Documenting Terms — Write Clear, Useful Definitions
Last updated on 2025-11-11 | Edit this page
Overview
Questions
- How can I make sure others understand and correctly use my terms?
- What makes a good definition or label?
- How should I record units, examples, and relationships between terms?
Objectives
- Extract and describe terms from their dataset.
- Write unambiguous, well-structured definitions.
- Record associated metadata (units, codes, examples).
Introduction
You’ve identified the key terms used in your datasets — and maybe even found some existing ones to reuse. Now comes the part that makes your work understandable, trustworthy, and reusable: clear documentation.
Inconsistent or missing definitions are one of the biggest barriers to data reuse. For example:
What does “sample date” really mean — collection date, processing date, or submission date?
Does “juvenile” refer to an age class, a length range, or a life stage?
What are the units? Are they consistent across datasets?
This session will help you document your terms precisely, so anyone — whether a collaborator, data manager, or future researcher — can understand exactly what you meant.
🧩 Core Ideas
Documentation is data. It’s the layer that makes data understandable and reusable.
A well-documented term includes:
- Preferred label: the human-readable name.
- Definition: what the term means and how it’s used.
- Units or scale: how it’s measured.
- Example values: what typical data look like.
Notes: clarifications, special cases, or links to other terms.

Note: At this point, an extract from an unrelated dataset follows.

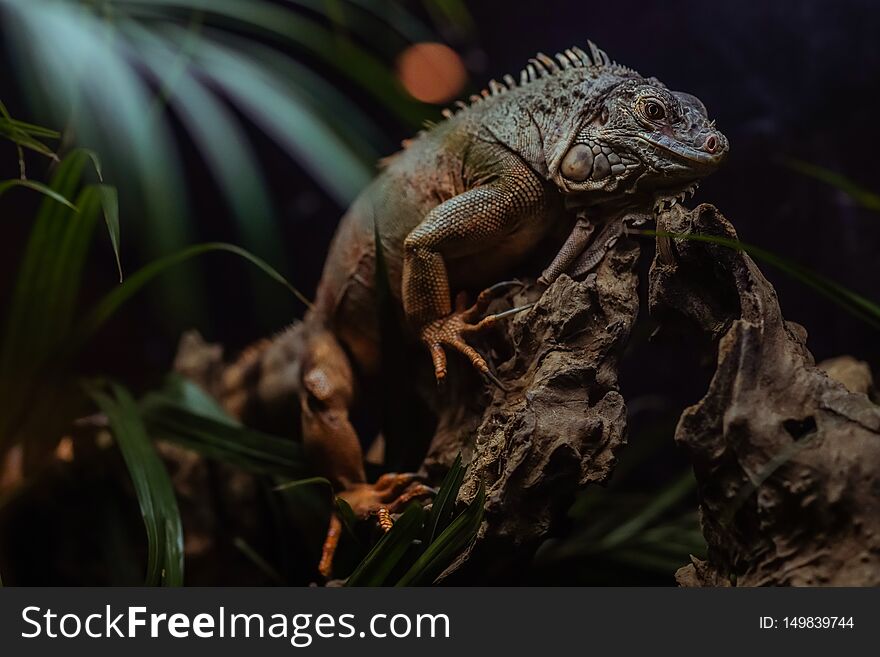 Iguana on a man made habitat. Iguana on a man made habitat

Think of your data dictionary as a user manual for your dataset.
Example
| Term | Definition | Units | Example | Notes |
|---|---|---|---|---|
| Condition factor | A measure of fish body condition, typically calculated as weight/length³. | dimensionless | 1.05 | Used as an indicator of energy reserves at smolt stage. |
| Smolt age | The age (in years) of a salmon when it migrates from freshwater to the ocean. | years | 2 | Derived from scale analysis. |
| Capture date | The date when a specimen was physically collected in the field. | ISO 8601 (YYYY-MM-DD) | 2023-05-14 | Not to be confused with processing or tagging date. |
The more clearly you describe your terms now, the easier it becomes to share, integrate, and align your data later — especially when mapping to vocabularies or building ontologies.
Challenge 1: Extract and define (40 min)
Goal: Create clear, consistent documentation for your own dataset terms.
Review your dataset and list 10–15 column names. Record in a shared data dictionary template (CSV):
Label (term name)
Definition (clear, context-rich description)
Units or codes used
Example value(s)
Notes on ambiguity or uncertainty
A draft data dictionary covering at least 10 key terms.
Peer-reviewed feedback on definition clarity.
Improved awareness of semantic gaps in existing data.
- A data dictionary is the bridge between raw data and understanding.
- Good definitions reduce misinterpretation and support machine processing.
- Documentation is both a social and technical task.